Bachtiar Effendy (2015) pernah menulis, ada dua pemangku kepentingan utama dalam kaitannya dengan perbaikan kehidupan demokrasi dan sistem kepartaian: pemilih dan yang dipilih. Pemilih adalah mereka yang memiliki hak untuk memilih. Bersamaan dengan hak yang mereka miliki, para pemilih juga mempunyai kewajiban untuk mengetahui siapa yang bakal mereka pilih dan atas dasar apa mereka memilih.
Untuk itu, ke depan masyarakat pemilih diharuskan untuk mempelajari segala sesuatu (track record) yang berkaitan dengan orang yang akan dipilih dalam kepemimpinan politik nasional maupun di daerah. Walau terkadang kenyataannya kita benar-benar dihadapkan pada lingkaran setan (vicious circle) yang tidak tahu dari mana harus memulai kerja-kerja restoratif untuk membenahi situasi demokrasi dan sistem kepartaian yang ada.

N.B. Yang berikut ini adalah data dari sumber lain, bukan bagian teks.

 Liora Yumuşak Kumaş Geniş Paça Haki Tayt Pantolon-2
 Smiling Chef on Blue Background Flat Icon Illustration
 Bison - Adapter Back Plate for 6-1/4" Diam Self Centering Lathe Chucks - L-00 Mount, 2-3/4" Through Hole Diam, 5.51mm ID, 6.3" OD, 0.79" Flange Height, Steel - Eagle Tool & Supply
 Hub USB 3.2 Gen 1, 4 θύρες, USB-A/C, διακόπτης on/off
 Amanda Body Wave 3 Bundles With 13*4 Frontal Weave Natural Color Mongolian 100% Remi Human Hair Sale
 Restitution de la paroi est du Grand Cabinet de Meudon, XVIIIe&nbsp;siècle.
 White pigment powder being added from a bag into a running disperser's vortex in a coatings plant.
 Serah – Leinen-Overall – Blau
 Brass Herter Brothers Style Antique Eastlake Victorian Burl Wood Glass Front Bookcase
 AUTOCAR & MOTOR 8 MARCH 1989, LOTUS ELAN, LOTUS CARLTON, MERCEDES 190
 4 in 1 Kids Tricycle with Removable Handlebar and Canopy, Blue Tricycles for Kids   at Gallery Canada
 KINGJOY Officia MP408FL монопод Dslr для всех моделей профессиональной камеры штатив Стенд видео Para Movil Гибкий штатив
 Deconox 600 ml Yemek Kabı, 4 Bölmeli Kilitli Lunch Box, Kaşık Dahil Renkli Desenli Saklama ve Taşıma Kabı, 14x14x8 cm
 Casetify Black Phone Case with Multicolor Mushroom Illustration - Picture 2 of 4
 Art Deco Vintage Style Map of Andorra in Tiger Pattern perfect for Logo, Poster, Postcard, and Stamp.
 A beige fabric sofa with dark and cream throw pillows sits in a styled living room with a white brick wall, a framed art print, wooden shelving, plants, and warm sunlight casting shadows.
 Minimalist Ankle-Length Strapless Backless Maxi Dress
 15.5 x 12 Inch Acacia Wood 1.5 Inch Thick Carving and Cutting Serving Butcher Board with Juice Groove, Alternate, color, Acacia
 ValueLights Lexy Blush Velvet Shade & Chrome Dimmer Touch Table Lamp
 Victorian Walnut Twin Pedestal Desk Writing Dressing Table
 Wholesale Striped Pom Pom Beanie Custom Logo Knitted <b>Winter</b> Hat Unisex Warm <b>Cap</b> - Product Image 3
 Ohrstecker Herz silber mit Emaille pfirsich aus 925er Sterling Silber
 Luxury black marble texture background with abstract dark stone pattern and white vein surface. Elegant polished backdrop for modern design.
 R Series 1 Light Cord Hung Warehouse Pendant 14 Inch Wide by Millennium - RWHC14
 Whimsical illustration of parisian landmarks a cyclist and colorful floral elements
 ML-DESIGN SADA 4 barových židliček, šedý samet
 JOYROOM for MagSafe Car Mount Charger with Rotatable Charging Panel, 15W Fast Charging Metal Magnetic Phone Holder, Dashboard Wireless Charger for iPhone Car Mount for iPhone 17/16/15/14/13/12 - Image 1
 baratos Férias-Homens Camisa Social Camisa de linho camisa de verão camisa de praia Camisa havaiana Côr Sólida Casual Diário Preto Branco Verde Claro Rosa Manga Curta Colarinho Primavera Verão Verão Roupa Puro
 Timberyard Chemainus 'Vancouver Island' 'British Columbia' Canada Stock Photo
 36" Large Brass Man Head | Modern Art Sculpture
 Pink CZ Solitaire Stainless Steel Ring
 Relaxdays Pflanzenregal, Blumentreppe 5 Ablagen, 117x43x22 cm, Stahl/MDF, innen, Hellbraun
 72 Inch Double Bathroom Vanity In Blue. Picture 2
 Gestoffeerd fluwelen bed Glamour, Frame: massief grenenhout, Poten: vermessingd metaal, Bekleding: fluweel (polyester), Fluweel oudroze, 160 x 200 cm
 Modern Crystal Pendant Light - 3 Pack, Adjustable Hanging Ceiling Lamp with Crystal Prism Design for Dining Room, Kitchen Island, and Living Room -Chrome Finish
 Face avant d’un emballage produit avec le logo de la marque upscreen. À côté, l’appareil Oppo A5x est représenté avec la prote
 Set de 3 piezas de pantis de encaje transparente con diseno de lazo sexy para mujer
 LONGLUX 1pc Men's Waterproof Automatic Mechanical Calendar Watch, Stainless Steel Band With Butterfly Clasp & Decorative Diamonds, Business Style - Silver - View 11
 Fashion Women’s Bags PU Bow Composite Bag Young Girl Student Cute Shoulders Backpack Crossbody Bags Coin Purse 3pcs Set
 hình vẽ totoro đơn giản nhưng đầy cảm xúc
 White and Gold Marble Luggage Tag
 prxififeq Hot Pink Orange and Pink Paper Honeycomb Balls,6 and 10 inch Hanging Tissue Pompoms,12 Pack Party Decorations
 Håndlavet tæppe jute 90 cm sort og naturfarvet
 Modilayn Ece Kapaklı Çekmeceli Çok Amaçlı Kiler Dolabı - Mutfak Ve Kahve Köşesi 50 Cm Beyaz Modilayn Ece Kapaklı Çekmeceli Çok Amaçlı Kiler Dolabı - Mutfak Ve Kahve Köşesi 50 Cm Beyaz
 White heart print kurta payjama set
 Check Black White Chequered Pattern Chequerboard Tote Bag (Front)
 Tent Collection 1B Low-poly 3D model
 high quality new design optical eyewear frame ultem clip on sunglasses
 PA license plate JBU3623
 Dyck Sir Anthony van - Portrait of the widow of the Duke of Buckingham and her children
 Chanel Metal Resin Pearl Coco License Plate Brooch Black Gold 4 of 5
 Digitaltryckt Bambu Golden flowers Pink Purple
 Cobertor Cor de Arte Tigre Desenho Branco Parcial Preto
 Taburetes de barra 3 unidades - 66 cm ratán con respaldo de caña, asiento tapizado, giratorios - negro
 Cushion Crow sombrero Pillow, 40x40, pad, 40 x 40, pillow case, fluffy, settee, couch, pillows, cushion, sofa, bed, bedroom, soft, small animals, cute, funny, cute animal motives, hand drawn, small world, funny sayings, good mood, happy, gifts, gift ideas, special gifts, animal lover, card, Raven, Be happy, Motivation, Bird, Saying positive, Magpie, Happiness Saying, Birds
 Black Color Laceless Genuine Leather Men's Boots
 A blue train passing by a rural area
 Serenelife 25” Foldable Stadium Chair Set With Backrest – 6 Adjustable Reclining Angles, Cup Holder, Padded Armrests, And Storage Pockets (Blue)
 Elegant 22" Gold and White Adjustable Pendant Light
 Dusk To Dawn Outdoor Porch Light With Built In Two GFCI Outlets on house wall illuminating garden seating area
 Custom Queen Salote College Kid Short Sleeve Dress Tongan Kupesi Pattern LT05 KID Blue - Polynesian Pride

Toh, harapan dan optimisme dalam politik mesti terus ditumbuhkan supaya politik jauh dari kotoran dan sekadar obral janji yang miskin realisasi.
Semoga tahun ini dan ke depan politik kita tumbuh dan jauh dari praktik kumuh. Politik yang merawat bangsa membutuhkan ilmu dan kedalaman hati serta keunggulan jiwa, sehingga kebenaran dan kearifan menyatu dalam politik kita. Bukan bersuara dan berteriak seolah paling bermoral, tapi kenyataaan dalam perilakunya justeru sebaliknya. Kalau sudah begitu, bagaimana bisa dunia politik kita merajut republik sehingga menjadi lebih baik?
Jika ternyata tahun ini pemufakatan politik “jahat” untuk merusak bangsa ini semakin meningkat, apalagi yang hendak disampaikan. Kalau memang ternyata kepribadian politik manusia Indonesia terang-benderang buruk rupanya, maka berlakulah pepatah lama, buruk muka cermin dibelah.